_Task requirements_
Below are some records. Return exactly their lines from the one containing "Women's Long Windbreaker" through the one containing "SWEET TROPICS Kompakt TV-bänk med 2 dörrar", and drop the pictures.

_Source data_
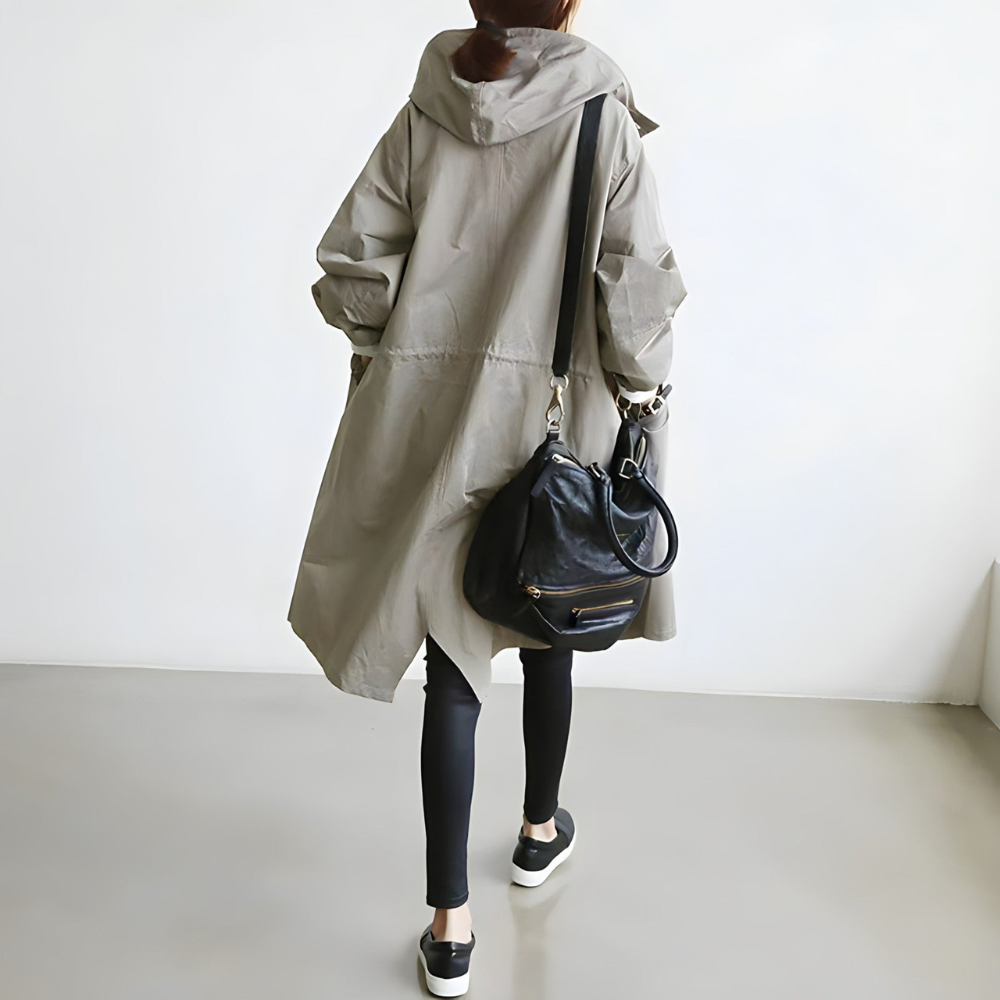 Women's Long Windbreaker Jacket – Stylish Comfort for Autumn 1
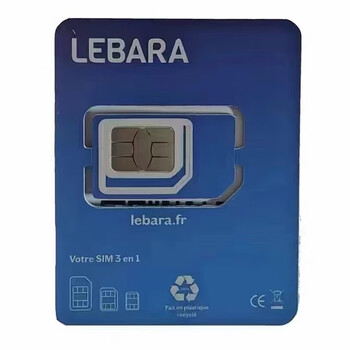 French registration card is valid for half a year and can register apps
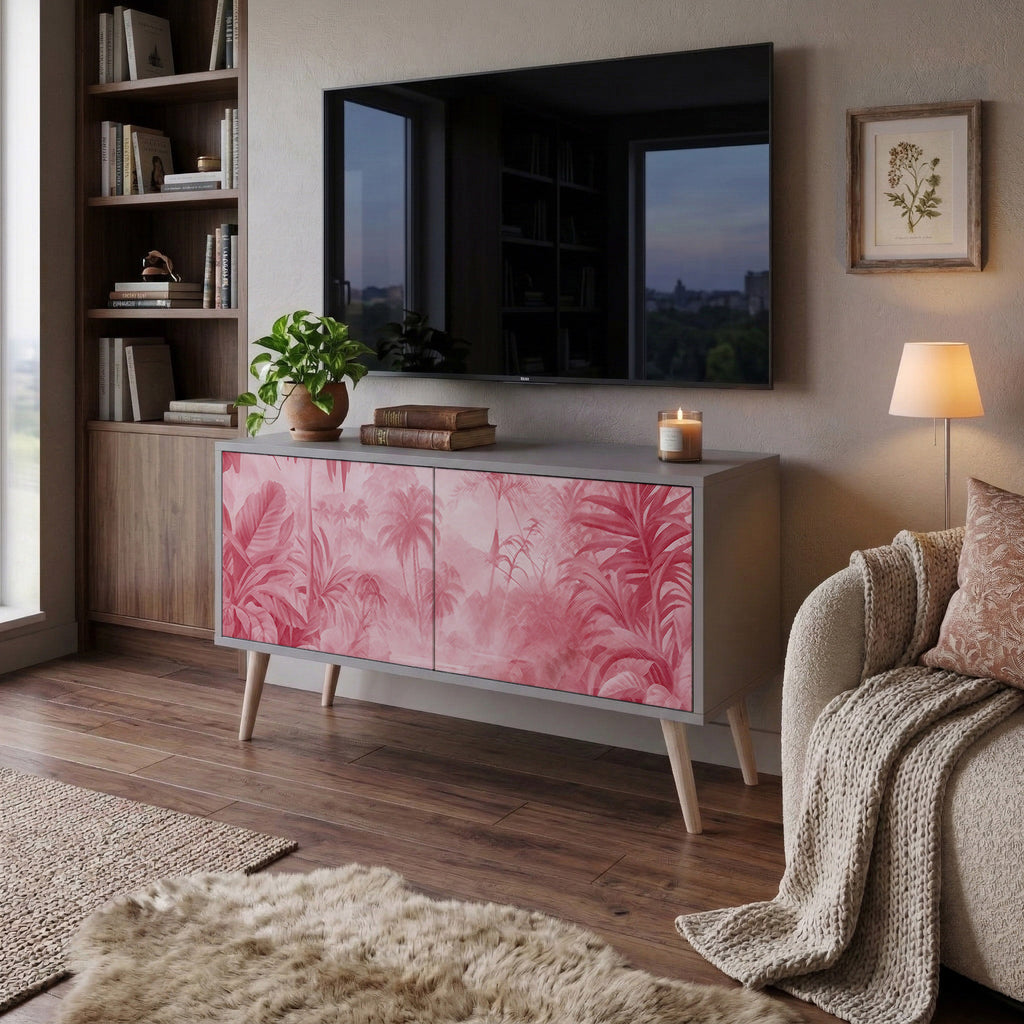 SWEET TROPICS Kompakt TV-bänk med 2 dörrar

==

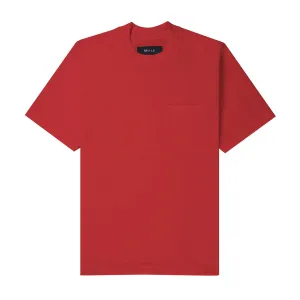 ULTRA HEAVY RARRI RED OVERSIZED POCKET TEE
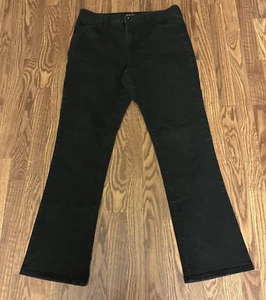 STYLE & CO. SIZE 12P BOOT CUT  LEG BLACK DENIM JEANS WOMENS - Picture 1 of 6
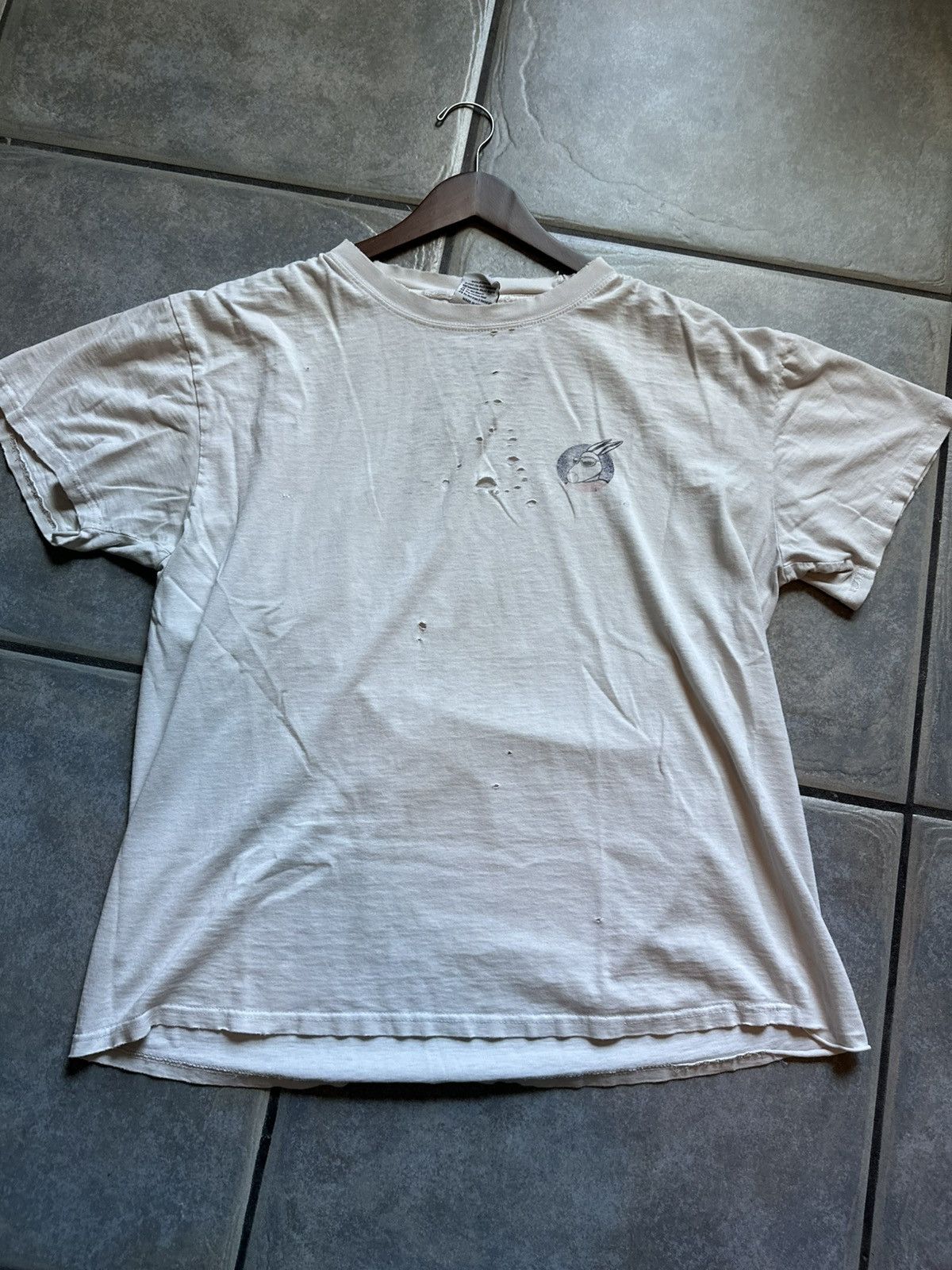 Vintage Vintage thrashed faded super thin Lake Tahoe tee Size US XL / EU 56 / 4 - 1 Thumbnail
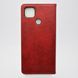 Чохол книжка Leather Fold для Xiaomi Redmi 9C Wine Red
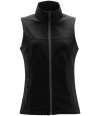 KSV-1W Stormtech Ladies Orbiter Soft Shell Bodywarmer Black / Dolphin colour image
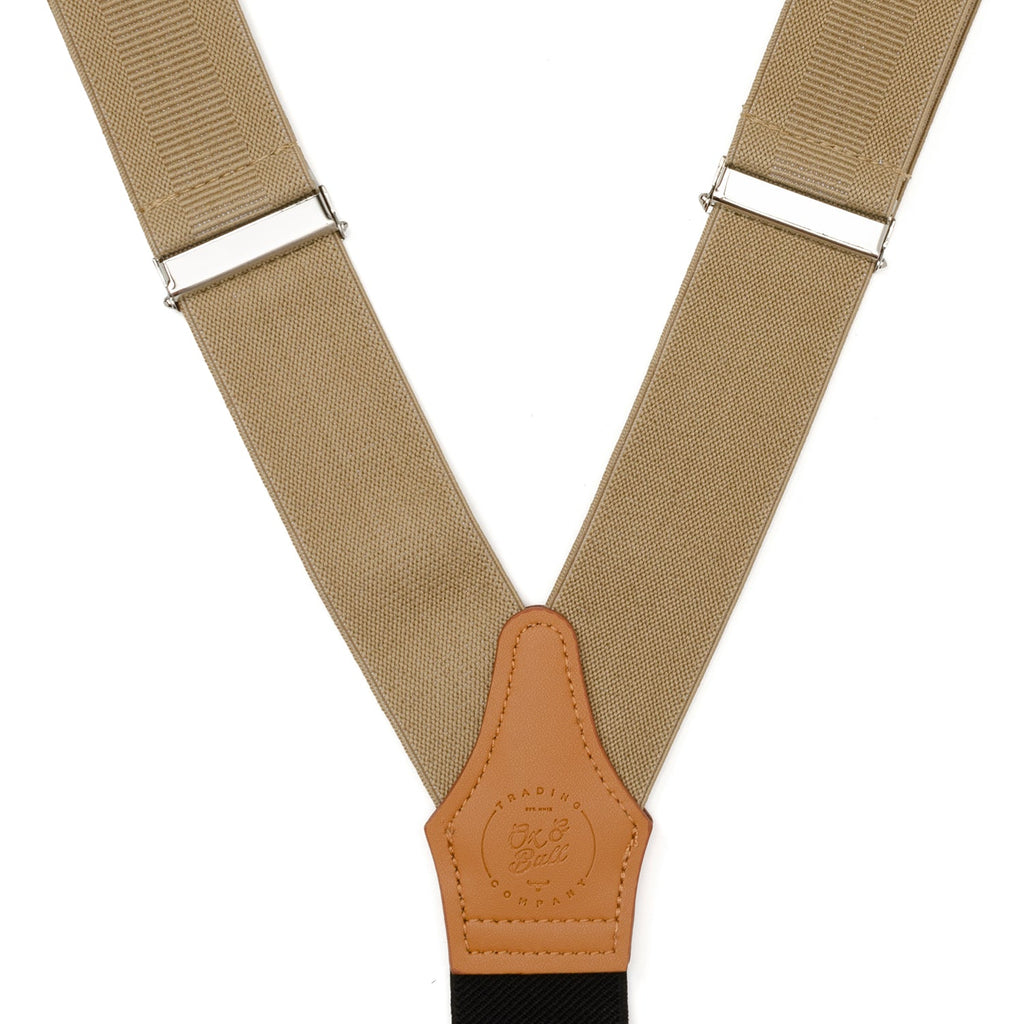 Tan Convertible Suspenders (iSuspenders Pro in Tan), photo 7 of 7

--

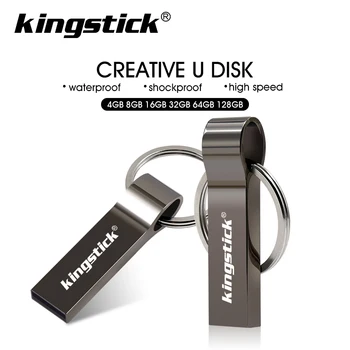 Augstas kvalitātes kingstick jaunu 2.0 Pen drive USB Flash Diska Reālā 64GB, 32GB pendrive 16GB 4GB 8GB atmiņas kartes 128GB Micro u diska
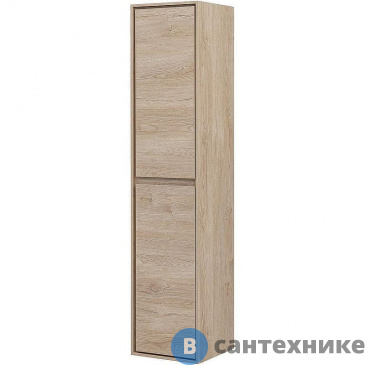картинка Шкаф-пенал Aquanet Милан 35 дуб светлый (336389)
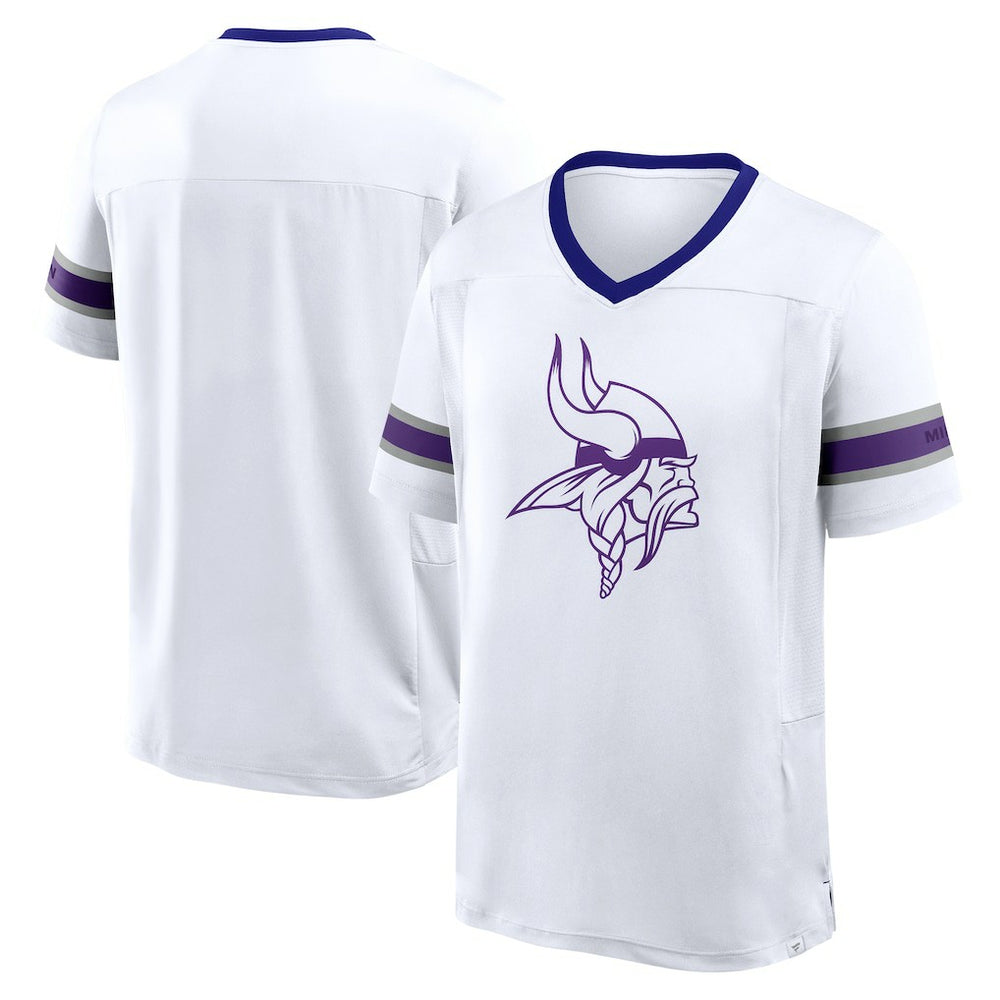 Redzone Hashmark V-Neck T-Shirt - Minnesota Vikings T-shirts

_Response to this task_
 Women's Long Windbreaker Jacket – Stylish Comfort for Autumn 1
 French registration card is valid for half a year and can register apps
 SWEET TROPICS Kompakt TV-bänk med 2 dörrar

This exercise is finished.